To appear in Public Adiminstration Review 2015
But there are also less obvious explanations for this tragedy. It is very ironic that efforts to make government more effective have sometimes led to increased problems for this population. The press coverage since Gray’s death has pointed to administrative policies and processes put in place by former Baltimore Mayor Martin O’Malley that some feel contributed to the explosion we have witnessed on the streets of Baltimore. But O’Malley’s efforts are not unique. What O’Malley brought to Baltimore actually mirrored efforts in NYC that became the model for public administrators across the country who have tried to respond to citizen concern about the effectiveness of public programs. While much of the attention today is on the criminal justice system, similar problems have emerged from other sectors.

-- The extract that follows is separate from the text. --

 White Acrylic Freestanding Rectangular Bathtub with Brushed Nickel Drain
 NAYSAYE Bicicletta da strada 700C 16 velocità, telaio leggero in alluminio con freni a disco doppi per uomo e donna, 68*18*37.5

O’Malley’s effort – called Citistat – was built on an effort in New York City entitled COMPSTAT (short for complaint statistics). This was a management technique based on private sector concepts that was designed to lead to crime reduction and efficient use of resources. The process emphasized accountability of staff to the top officials in the organization and was used to map crime and identify problems in the criminal justice system.

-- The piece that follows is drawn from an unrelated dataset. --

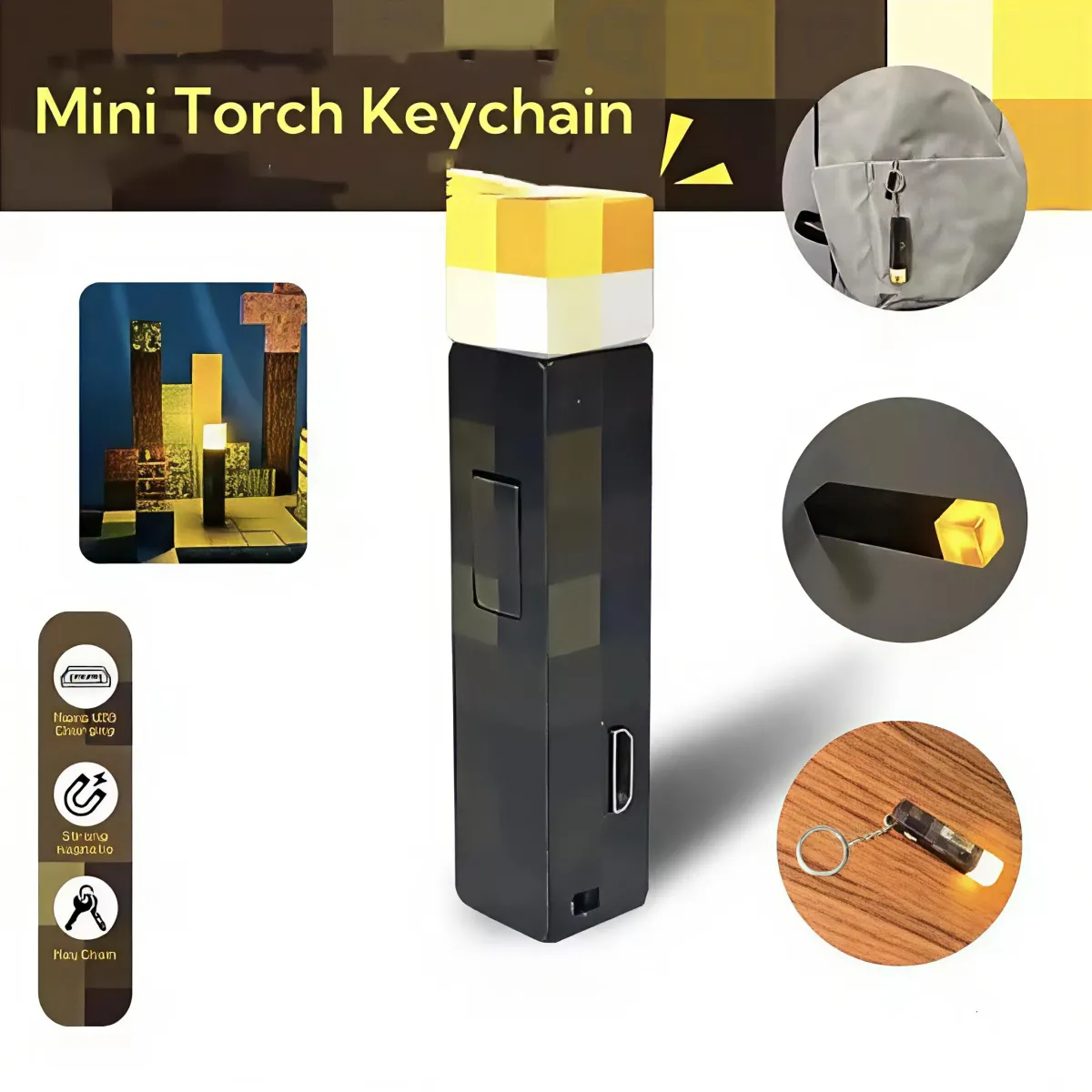USB Rechargeable LED Light Gaming Theme Minecrafted Keychain Surrounding Torch Mini Torch Keychain Backpack Gifts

Staff from local precincts met with top officials weekly and discussed ways to reduce crime. Each local precinct was required to develop a statistical summary of the week’s crime complaints and experiences. They were also required to submit a weekly report describing significant cases, crime patterns and other relevant police activities.

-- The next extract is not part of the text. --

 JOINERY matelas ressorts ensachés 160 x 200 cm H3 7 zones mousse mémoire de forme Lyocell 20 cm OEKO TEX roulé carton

While this process gave the participants the impression that they were improving the delivery of services to the community, there were hidden traps within that process. A number of these attributes are found in other attempts to develop performance assessment efforts.
First, there was a tendency in that process to think about the city as a centralized unit and to develop expectations that applied citywide. This is sometimes called a “one size fits all” approach. This process minimized attention to the special needs of different populations and the way those populations perceived the police and, conversely, how the police perceived them.
Second, the reliance on quantitative data minimized attention to qualitative assessments of the service, particularly issues related to the quality of treatment. When the New York City police department initially emphasized stop-and frisk, it produced 50,000 stops a year. The department decided that these stops were a good metric for productivity and the annual number ultimately exceeded half a million stops. Many police officers acknowledged that this policy produced many unjustified stops.
Third, most of the measures that were used in the process were based on attempts to maximize efficiency in the delivery of service. Increased efficiency was often expected to lead to budget reductions. There was little attention to the effectiveness of programs or equity aspects of the service delivery. Some have described this as worshipping the gods of efficiency and ignoring issues of equity.
Fourth, the process that was put in place created pressure on individual police officers to meet the centralized expectations. Salary decisions were sometimes linked to these assessments. At least one assessment of the NYC experience found that a number of retired police officials complained that pressure from department brass prompted widespread statistical manipulation of CompStat data, specifically by downgrading reports of serious crimes to less serious offenses.
Management strategies such as Compstat clearly have positive motivations behind them. However, the unanticipated consequences of these efforts cannot be ignored. The belief that managing only what you can count can be misleading. The Baltimore tragedy suggests that we need different techniques that acknowledge the complexity of many programs. We must acknowledge that what may work in one setting is not helpful in another.
This is not an easy problem to solve. It is clear that relying only on quantitative measures has real limitations. The challenge is to find a way to strike a balance between quantitative measures and qualitative assessments. This brings us back to one of the basic issues in the public administration field: acknowledging that management is both an art as well as a science.